EXCERPTED RECORDS:
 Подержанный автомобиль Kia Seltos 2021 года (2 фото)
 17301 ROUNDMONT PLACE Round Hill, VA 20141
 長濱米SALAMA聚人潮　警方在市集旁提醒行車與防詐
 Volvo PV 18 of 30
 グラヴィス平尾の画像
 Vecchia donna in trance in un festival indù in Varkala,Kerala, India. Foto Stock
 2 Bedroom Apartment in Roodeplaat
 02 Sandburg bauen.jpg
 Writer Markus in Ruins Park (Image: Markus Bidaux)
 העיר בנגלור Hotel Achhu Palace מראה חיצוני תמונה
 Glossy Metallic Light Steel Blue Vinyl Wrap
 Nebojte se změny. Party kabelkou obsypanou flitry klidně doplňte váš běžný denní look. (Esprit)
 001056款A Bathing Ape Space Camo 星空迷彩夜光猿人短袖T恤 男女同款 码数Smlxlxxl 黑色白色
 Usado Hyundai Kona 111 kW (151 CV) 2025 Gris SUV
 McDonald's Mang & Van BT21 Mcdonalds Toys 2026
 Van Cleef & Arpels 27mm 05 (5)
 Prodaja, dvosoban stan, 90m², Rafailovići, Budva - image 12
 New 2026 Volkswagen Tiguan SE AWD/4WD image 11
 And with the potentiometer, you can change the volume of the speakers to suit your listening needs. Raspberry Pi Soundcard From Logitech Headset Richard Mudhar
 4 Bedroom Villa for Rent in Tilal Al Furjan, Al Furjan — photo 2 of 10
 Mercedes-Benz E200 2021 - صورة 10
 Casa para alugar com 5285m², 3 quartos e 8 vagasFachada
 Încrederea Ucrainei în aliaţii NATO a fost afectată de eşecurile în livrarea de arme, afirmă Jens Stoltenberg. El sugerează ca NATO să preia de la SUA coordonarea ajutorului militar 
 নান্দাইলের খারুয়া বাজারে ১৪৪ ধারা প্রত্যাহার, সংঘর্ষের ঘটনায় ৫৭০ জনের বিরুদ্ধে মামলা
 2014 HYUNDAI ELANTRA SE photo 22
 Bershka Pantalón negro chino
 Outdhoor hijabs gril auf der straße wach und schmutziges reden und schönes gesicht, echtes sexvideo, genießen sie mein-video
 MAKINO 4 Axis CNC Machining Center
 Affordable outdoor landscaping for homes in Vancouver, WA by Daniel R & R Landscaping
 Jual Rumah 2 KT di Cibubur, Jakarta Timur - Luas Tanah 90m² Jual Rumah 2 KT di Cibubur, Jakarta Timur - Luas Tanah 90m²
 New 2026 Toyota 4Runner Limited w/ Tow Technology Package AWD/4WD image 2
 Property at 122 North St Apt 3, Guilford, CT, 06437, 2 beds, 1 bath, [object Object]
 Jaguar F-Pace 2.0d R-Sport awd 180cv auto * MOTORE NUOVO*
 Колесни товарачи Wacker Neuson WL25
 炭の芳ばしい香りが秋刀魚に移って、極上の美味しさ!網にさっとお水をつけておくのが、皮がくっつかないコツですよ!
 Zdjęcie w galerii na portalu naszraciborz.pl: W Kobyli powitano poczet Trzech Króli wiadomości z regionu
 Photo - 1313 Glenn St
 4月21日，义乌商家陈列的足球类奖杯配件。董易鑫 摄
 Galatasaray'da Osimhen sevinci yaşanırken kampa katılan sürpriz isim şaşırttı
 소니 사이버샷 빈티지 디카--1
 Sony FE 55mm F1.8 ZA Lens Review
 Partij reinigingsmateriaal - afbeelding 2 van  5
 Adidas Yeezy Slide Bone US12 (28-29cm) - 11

TASK BRIEF:
Taking the line with "Vecchia donna in" as the first and the line with "New 2026 Volkswagen" as the last, retype that stretch of the data above exactly, with no other lines.

FINISHED TASK:
 Vecchia donna in trance in un festival indù in Varkala,Kerala, India. Foto Stock
 2 Bedroom Apartment in Roodeplaat
 02 Sandburg bauen.jpg
 Writer Markus in Ruins Park (Image: Markus Bidaux)
 העיר בנגלור Hotel Achhu Palace מראה חיצוני תמונה
 Glossy Metallic Light Steel Blue Vinyl Wrap
 Nebojte se změny. Party kabelkou obsypanou flitry klidně doplňte váš běžný denní look. (Esprit)
 001056款A Bathing Ape Space Camo 星空迷彩夜光猿人短袖T恤 男女同款 码数Smlxlxxl 黑色白色
 Usado Hyundai Kona 111 kW (151 CV) 2025 Gris SUV
 McDonald's Mang & Van BT21 Mcdonalds Toys 2026
 Van Cleef & Arpels 27mm 05 (5)
 Prodaja, dvosoban stan, 90m², Rafailovići, Budva - image 12
 New 2026 Volkswagen Tiguan SE AWD/4WD image 11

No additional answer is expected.